___

# Machine Learning in Geosciences ] 
Department of Applied Geoinformatics and Carthography, Charles University

Lukas Brodsky lukas.brodsky@natur.cuni.cz


### PyTorch installation

`pip install torch`
`pip install torchvision`

### PyTorch tensor

Tensors are the building blocks for representing data in PyThorch. It is the fundamental data structure. The term `tensor` comes bundled with the notion of spaces. In this context of deep learning, tensors refer to the generalization of vectors and matrices to an arbitrary number of dimensions. 

The torch package contains not only the data structures for **multi-dimensional arrays** but also defines mathematical operations over these tensors. Additionally, it provides many utilities for efficient serializing of Tensors and arbitrary types, and other useful utilities.

### PyTorch tensor vs. NumPy array

What is the difference between numpy array and pytorch tensor?

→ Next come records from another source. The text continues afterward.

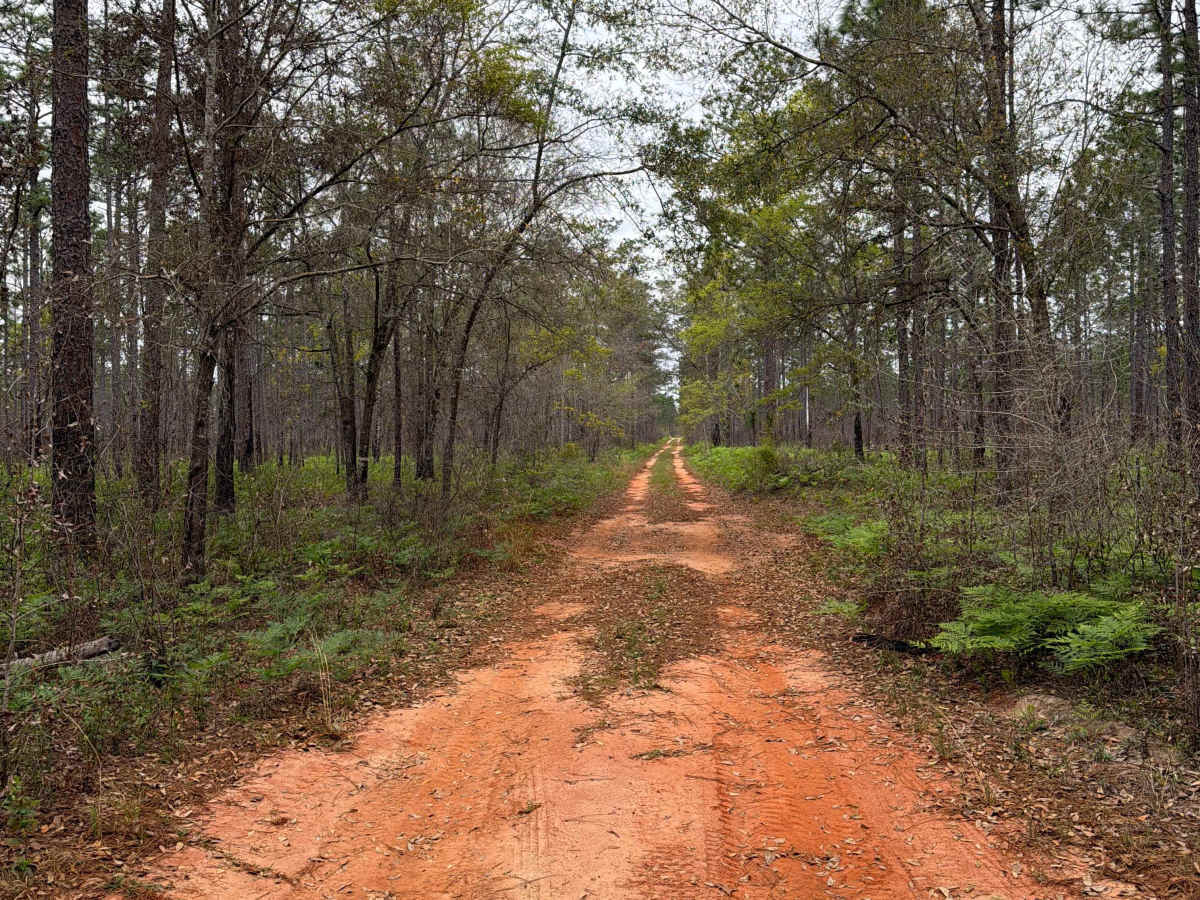 J 50 trail photo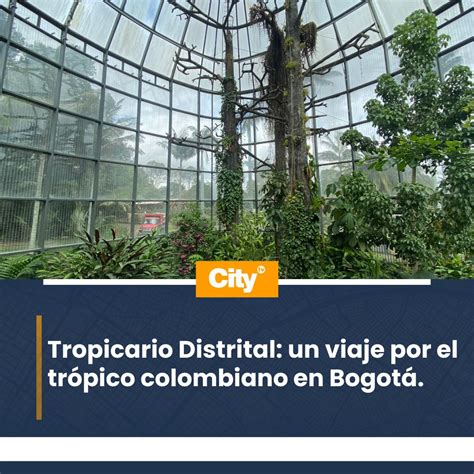 Canal Citytv On Twitter MedioAmbiente El Tropicario Distrital Del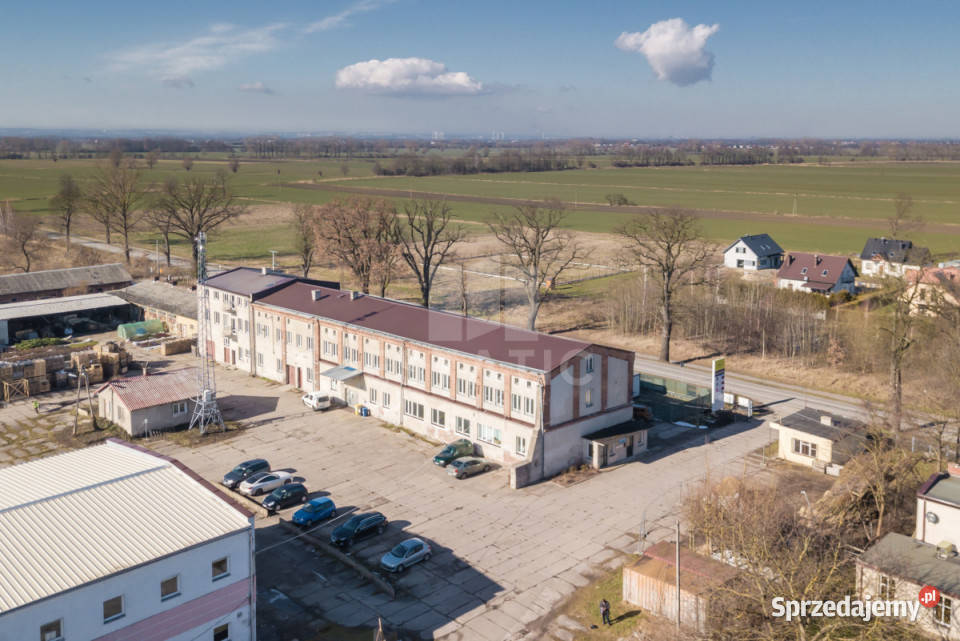 wynajmu lokalu 3000m2 Cedry Wielkie M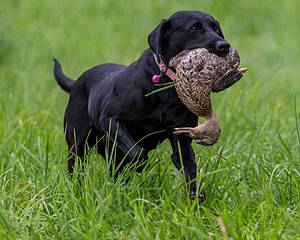 20170603-SHRL-1198.jpg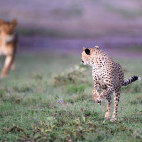 Cheetah & lion in Tanzania.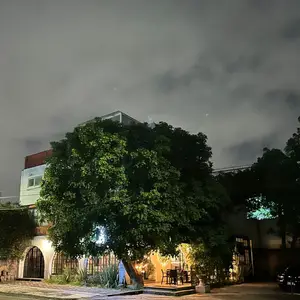 IL VINO Pizza al Forno Puebla 7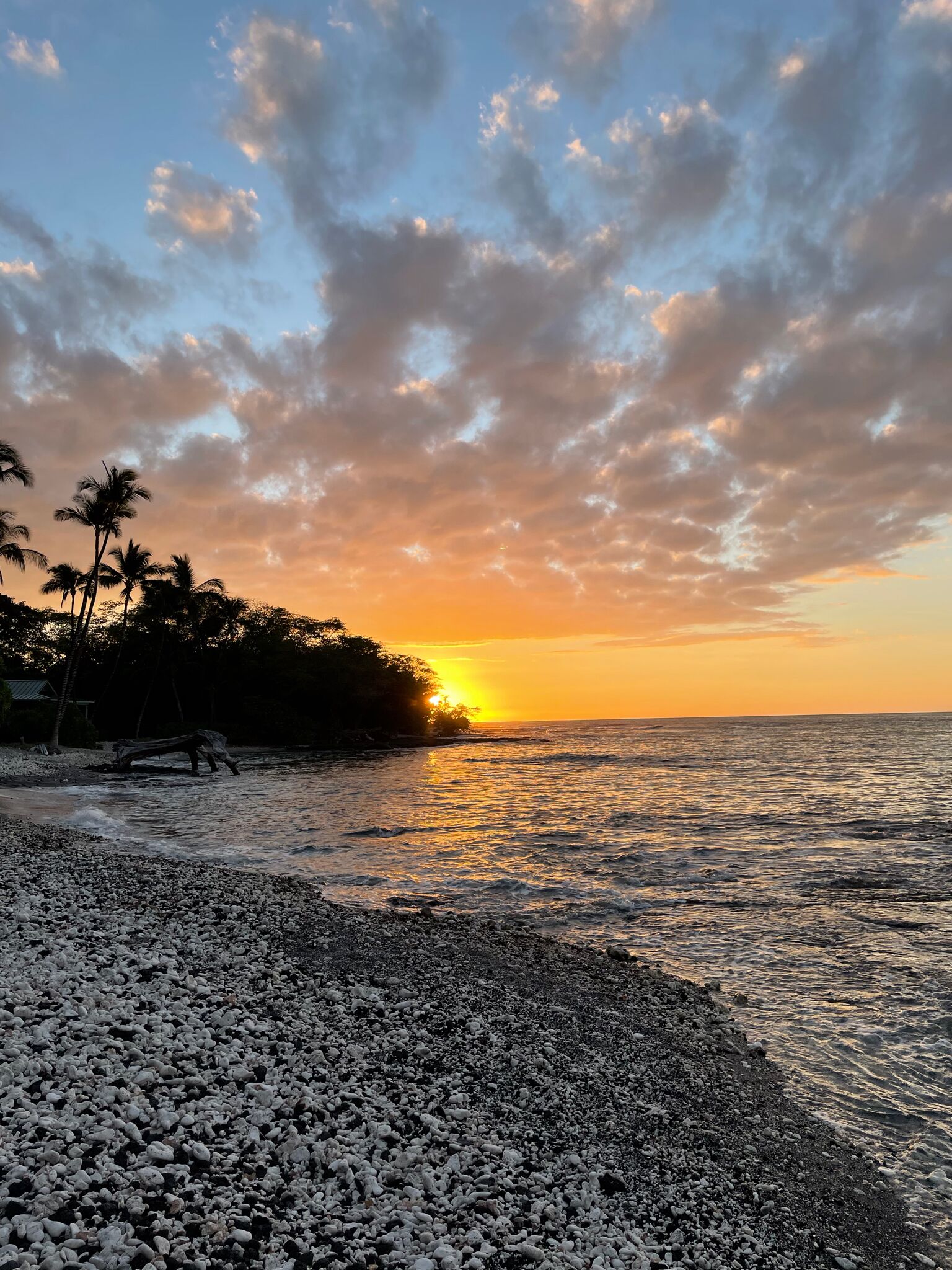Ein Strand mit Kieselsteinen, Palmen und einem Sonnenuntergang über dem Meer.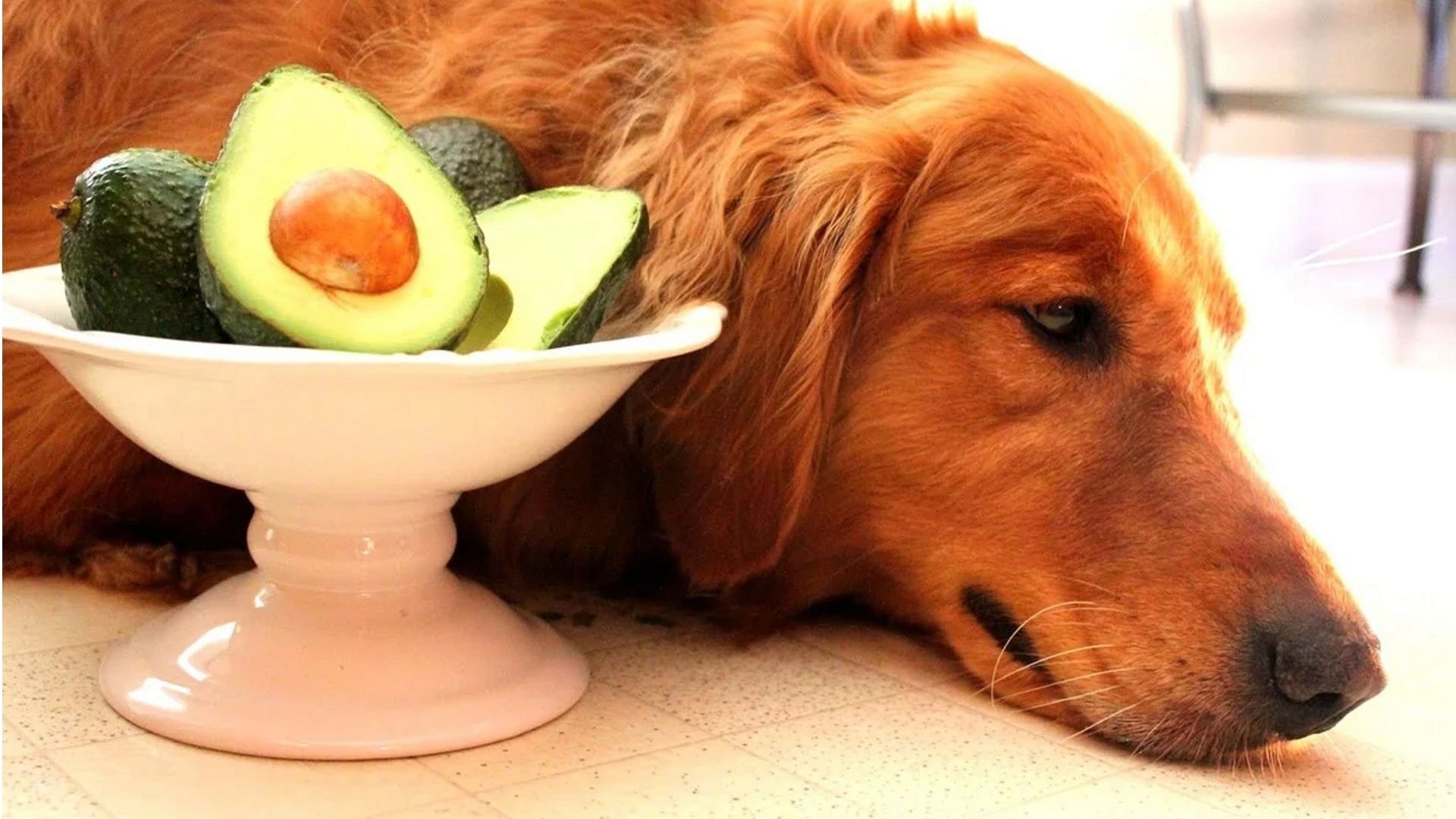 Еда для животных. Еда для собак. Щенок кушает. Щенок кушает. Собака завтракает.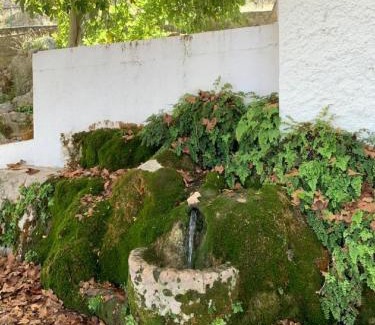 Cuevas del Becerro House | Villa Remedios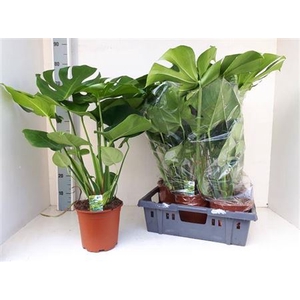 arr8 Monstera Deliciosa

1. The numpy arrays are the core functionality of the numpy package designed to support faster mathematical operations. Pytorch tensors are similar to numpy arrays, but can also be operated on CUDA-capable Nvidia GPU.
   
   
2. Numpy arrays are mainly used in typical machine learning algorithms. Pytorch tensors are mainly used in deep learning which requires heavy matrix computation.

3. Unlike numpy arrays, while creating pytorch tensor, it also accepts two other arguments called the device_type (whether the computation happens on CPU or GPU) and the requires_grad (which is used to compute the derivatives).

### PyTorch API

The PyTorch API establish a few directions on where to find things in the documentation (https://pytorch.org/docs/stable/index.html). 

**Topics covered**: 

    1. What is the difference between numpy array and pytorch tensor?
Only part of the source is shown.